Abstract:
How
can negotiations be conducted to promote the legitimacy of international
institutions such as the World Trade Organization (WTO)? Can negotiation
procedures be designed so as to strengthen the WTO as an institution
and the agreements it concludes? One reason for which the legitimacy
of the organization is being questioned is its decision-making-especially
negotiation- procedures. These have contributed significantly to
recent setbacks in WTO talks. Yet proposals for procedural reform
have not been subject to much discussion or review, in particular
with no regard to content which may boost legitimacy.
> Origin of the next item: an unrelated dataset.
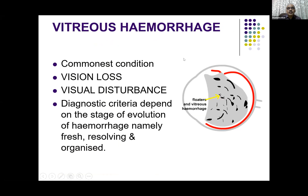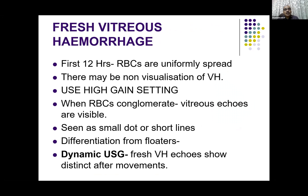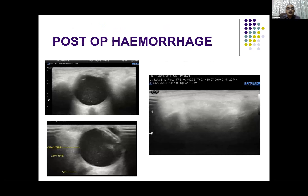Vitreous hemorrhage is a common condition wherein there can be visual disturbance and visual loss depending on the amount of hemorrhage. We can diagnose it as fresh, resolving, or organized vitreous hemorrhage depending on various findings. Initially the RBCs are very uniformly spread and may not be visualized. Whenever a patient with acute diminished vision or loss of vision and suspected vitreous hemorrhage comes, we use relatively high gain settings so that you can see those fine internal echoes. In very acute cases, as they conglomerate, the vitreous echoes are visible — seen as dots or lines — and we need to differentiate from floaters using dynamic ultrasound.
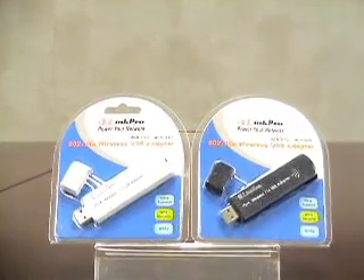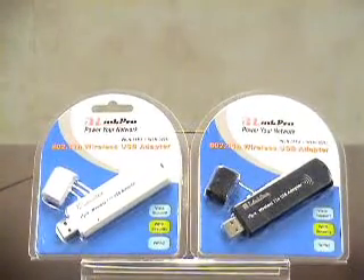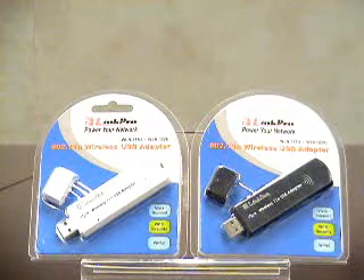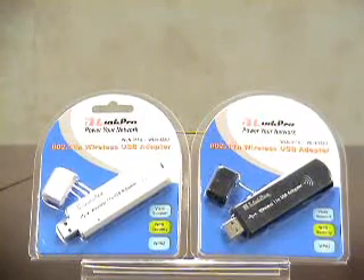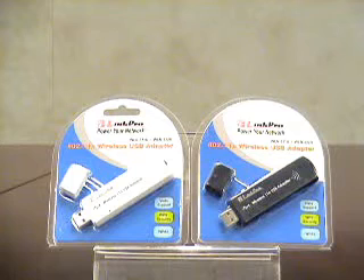Hi, welcome to Link Pro TV. Today we have our USB 802.11 BGN USB adapters, WLN 311U and WLN 322U. The one on the left is 311U and the one on the right is 322U.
Justice and
other values associated with legitimacy have generally not been addressed
by trade experts, and conceptual tools for identifying what practical
form their inclusion could take are lacking.
This article reviews a variety of proposals, formal and informal,
for reforming the WTO's negotiation procedures. It develops an
approach to procedural justice which is used to identify the justice
content in these proposals, based on four main principles. Drawing
on this analysis, the article concludes by highlighting promising
elements of reform. In so doing, it brings research literature
on justice and negotiation to bear on current debates over the
legitimacy deficit in international institutions, using the WTO
as a significant case. More practically, the article helps to identify
what more legitimate negotiation procedures may mean and require,
and how their justice content may be assessed and increased.